Notas de estudo: O que é literatura, Eagleton?
Terry Eagleton parte do pré-suposto de que “se a teoria
literária existe, parece óbvio que haja alguma coisa chamada literatura, sobre
a qual se teoriza”. Aparentemente, se acreditamos em uma Crítica e uma Teoria, certo é que surgiram da necessidade dos estudiosos de melhor compreender uma literatura. O objeto de análise, quando já
criticado e teorizado, não mais o É, pois o que buscamos, intimamente, não é o
Ser literário, mas sim o Estar, tendo por objetivo o estado vigente e não a permanência.
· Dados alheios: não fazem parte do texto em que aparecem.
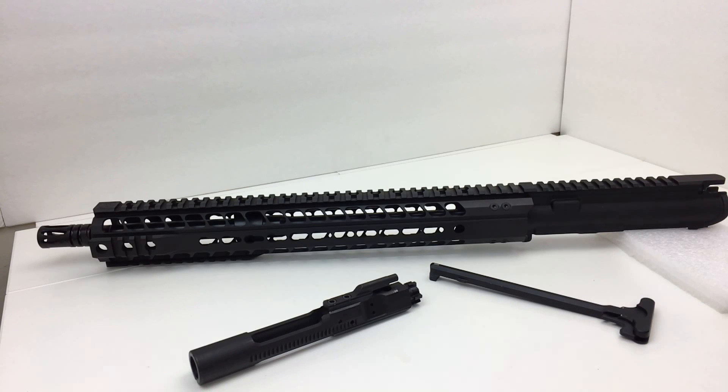The receiver is an A3 style upper receiver. The thread pitch of the barrel is 1/2 by 28, and the twist rate is 1-in-7. The barrel process is button rifled. Feed ramps are the M4 feed ramps and it has a standard A2 flash hider.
Quanto a essa
“mutabilidade” do conceito, que o coloca em um continuum de reformulação
e torna passada toda tentativa de apreende-lo, outros pontos deverão ser
levantados.
Segundo Eagleton, os formalistas russos defendiam que a
Obra Literária “não era um vínculo de ideias, nem uma reflexão sobre a
realidade social, nem a encarnação de uma verdade transcendental: era um fato
material, cujo funcionamento podia ser analisado mais ou menos como se examina
uma máquina”. No
Filósofo e crítico britânico |
entanto, mesmo sobre este ponto de vista, Vitor Sklovski,
Roman Jakobson, Osip Brik, Yury Tynyanov, Boris Eichenbaum e Boris
Tomanshevski, partes essenciais do pensamento "formal", compreendiam que “ as
normas e os desvios se modificam de um contexto social ou histórico para outro
– que ‘poesia’, nesse sentido, depende de nossa localização num dado momento”.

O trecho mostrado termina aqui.